Economía

Biden ‘desoye’ a México y Canadá: avanza su plan de créditos para autos eléctricos ‘made in USA’

El aumento de créditos para la compra de autos eléctricos genera tensiones entre los miembros del T-MEC.

La Cámara de Representantes de Estados Unidos dio luz verde al plan de gasto social de Joe Biden, el cual incluye créditos para la compra de coches eléctricos que podrían convertirse en la próxima fuente de tensiones comerciales con México y Canadá.

La propuesta -conocida como el Build Back Better Act- incluye la ampliación de créditos para la compra de coches eléctricos si el vehículo y la batería son armados en Estados Unidos. El crédito actual es de 7 mil 500 dólares, pero podría ampliarse hasta 12 mil 500 dólares si el auto comprado cumple con las dos condiciones de contenido local.

El gobierno mexicano y el canadiense ven el plan de créditos como una violación a la letra del Tratado entre México, Estados Unidos y Canadá (T-MEC), que incluye provisiones para contenido regional cuyo objetivo es integrar más la maquinaria productiva y de suministros en América del Norte.


Ambos países enviaron cartas a legisladores estadounidenses pidiendo que se retirara esa sección de la propuesta, alegando que fomentaba un trato “discriminatorio” a productores extranjeros. Semanas después, una veintena de embajadas -entre ellas la de México, la de Canadá, la de Alemania y la de Japón- enviaron otro documento haciendo el mismo reclamo.

Expertos consultados por este diario consideran que el gobierno mexicano tiene elementos para armar un caso, ya sea en materia de reglas de origen o de subsidios.

“Las importaciones que vengan de un determinado país y que otorguen subsidios pueden ser objeto de una cuota compensatoria si estas importaciones causan daño a la industria nacional. Yo creo que sí hay un tema”, dijo Gustavo Uruchurtu, abogado experto en comercio internacional.

Se solicitó la opinión de la Secretaría de Economía respecto a la aprobación del plan de gasto con todo y los créditos a coches eléctricos. Al momento de esta publicación, la dependencia no ha respondido.


El plan de gasto social de Biden -que asciende a 1.75 billones de dólares- fue aprobado un día después de la primera reunión bilateral presencial entre los mandatarios de México, EU y Canadá. Se esperaba que el tema de los coches eléctricos surgiera para amargar la reunión, pero apenas si hubo mención de este.
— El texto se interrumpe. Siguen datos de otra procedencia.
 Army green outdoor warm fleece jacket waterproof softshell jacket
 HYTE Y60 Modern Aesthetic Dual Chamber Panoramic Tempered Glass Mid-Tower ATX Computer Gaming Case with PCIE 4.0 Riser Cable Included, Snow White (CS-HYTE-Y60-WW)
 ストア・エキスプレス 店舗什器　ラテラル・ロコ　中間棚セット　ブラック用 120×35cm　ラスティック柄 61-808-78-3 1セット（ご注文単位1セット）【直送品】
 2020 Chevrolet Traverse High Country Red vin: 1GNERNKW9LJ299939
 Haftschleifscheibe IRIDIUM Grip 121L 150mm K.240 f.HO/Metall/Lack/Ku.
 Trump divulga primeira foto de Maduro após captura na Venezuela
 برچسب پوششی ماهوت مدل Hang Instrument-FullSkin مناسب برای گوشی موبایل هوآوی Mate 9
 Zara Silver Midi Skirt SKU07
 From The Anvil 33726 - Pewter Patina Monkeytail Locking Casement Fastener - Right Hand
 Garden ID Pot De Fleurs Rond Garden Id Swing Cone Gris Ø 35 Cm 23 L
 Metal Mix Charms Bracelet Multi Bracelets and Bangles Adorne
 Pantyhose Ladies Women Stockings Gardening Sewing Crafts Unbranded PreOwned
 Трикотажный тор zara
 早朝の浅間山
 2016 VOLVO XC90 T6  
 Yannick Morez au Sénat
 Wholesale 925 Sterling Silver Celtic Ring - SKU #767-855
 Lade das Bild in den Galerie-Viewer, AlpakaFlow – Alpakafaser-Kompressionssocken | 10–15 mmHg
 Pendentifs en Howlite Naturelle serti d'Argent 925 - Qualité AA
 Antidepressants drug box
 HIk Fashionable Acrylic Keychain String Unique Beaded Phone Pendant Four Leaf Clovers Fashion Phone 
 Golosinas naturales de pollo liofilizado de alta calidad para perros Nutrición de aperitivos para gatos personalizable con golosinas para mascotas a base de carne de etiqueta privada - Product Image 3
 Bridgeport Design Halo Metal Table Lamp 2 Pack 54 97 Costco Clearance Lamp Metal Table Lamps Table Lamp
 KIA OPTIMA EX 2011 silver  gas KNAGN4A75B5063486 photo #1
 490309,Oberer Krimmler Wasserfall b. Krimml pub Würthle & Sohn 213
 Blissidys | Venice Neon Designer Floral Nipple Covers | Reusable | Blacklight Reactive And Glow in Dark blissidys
El único momento en el que se trató el asunto públicamente fue durante la reunión bilateral entre Biden y el primer ministro de Canadá, Justin Trudeau. Ante preguntas de la prensa sobre el futuro de la propuesta, Biden respondió que habría que esperar a su aprobación.

“Ni siquiera ha pasado por la Cámara (de Representantes).... La respuesta es que no lo sé. No sé con qué estaremos lidiando cuando salga del Legislativo. Hablaremos al respecto entonces”, declaró.

La propuesta pasará a manos del Senado. Técnicamente, los demócratas tienen mayoría en la Cámara Alta. Ocupan 50 de los 100 escaños, pero puede que cuenten con el apoyo de la vicepresidenta Kamala Harris, que emite voto en caso de empate (50/50).

Sin embargo, se anticipa un camino escabroso para el paquete legal. Éste cuenta con el apoyo del ala progresiva de los demócratas, pero los elementos más moderados en el partido se han mostrado dubitativos respecto al tamaño y efectividad del gasto requerido.